A resposta foi semelhante. "Será
uma sala para quem gosta de cinema, para cinéfilos radicais, não
tanto para quem prefere pipoca e
shopping", disse Meirelles.
"Freddy x Jason" e "Velozes e Furiosos" estão fora, mas "O Senhor
dos Anéis" até poderia entrar", resume, brincando, Sturm.
Entre os seis a oito filmes em
cartaz haverá sempre um brasileiro, e as salas receberão mostras e,
uma vez por mês, o "Noitão", que
exibirá filmes da noite de sexta à
manhã de sábado. "Haverá ainda
a "Segunda Chance", para bons filmes que ficaram pouco tempo
nos multiplex", diz Sturm.
Em suas viagens, Meirelles funcionará como um embaixador
para cinematografias novas ou
desprezadas pelo circuito comercial, que serão trazidas para a sessão "Cinema do Mundo". "Haverá uma sala com projeção digital
que possibilitará a exibição de filmes que nunca chegam ao mercado pelo alto custo de tradução e
legendagem", disse Meirelles.
Tanto os cineastas quanto a
produtora e o banco estão indo
contra a corrente. Hoje, quase não
há mais cinema de rua em São
Paulo. Um dos raros que sobrevivem já é o principal concorrente
da nova empreitada: o Espaço
Unibanco, na Augusta, a quatro
quarteirões do Belas Artes, de um
banco concorrente e também ligado a um diretor, Walter Salles.
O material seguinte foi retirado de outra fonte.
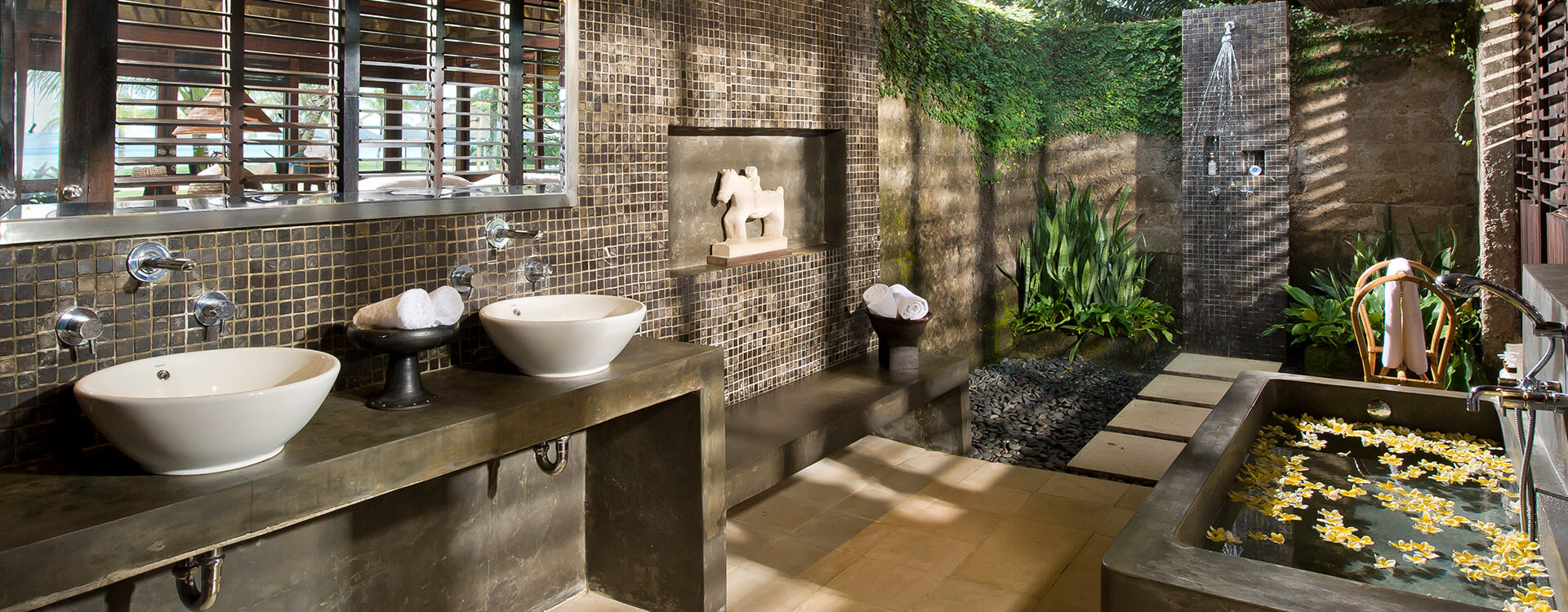 Atas Ombak - Bungalow bathroom two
Os cinemas de shopping respondem por 90% dos endereços
de São Paulo, e suas telas exibem
na maior parte dos casos blockbusters (megassucessos) e os chamados "filmes-pipoca" (fitas de
ação voltadas para adolescente).
"Sabemos do desafio, e é isso
que torna a coisa toda mais
atraente", disse a publicitária Andrea Barata, sócia de Fernando
Meirelles na O2. "Mas acreditamos que, bem administrado, o
Belas Artes pode voltar a ter o brilho de antes." A parceria tem duração inicial de sete anos.
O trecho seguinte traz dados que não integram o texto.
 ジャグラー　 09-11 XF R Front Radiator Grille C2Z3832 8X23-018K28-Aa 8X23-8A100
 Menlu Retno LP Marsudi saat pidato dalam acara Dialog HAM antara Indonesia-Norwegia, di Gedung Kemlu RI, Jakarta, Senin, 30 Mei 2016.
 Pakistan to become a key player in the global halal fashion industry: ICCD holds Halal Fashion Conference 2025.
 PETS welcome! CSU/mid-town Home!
Aliás, foi sob a bênção da publicidade que se deu a intersecção
entre os três controladores. A O2
produziu os filmes de 450 anos de
São Paulo para o HSBC, que gostou do resultado. Daí, fez a ponte
entre capital e trabalho -no caso,
André Sturm, da Pandora Filmes,
que havia adquirido o Belas Artes
para evitar seu fechamento.
"Foi no Belas Artes que assisti
ao segundo filme de minha vida,
com sete anos", lembra Sturm, ele
próprio diretor de um longa, "Sonhos Tropicais" (2001). "Era "Meu
Tio", de Jacques Tati, de 1958." (O
primeiro, a quem interessar, foi
"Bambi", longa da Disney de 42.)
Não será sua estréia à frente da
programação de um cinema. Estudante de administração da Faculdade Getúlio Vargas, foi ele o
responsável por uma fase memorável do Cineclube da GV, nos
anos 80. De lá passou pela Sala Cinemateca, em Pinheiros.
Criou a Pandora em 1989, que
logo se especializou na distribuição de filmes de arte. Por suas
mãos chegaram ao Brasil obras
como "Não Amarás", de Kieslowski, e "Trainspotting".
A reforma
Sob comando do arquiteto Roberto Loeb e do diretor de arte
Alexandre Toro, a idéia foi tentar
resolver os problemas que por
anos incomodaram os habitués
do velho Belas Artes. Primeiro, as
salas do piso superior devem ganhar elevador (que talvez não fique pronto a tempo da abertura).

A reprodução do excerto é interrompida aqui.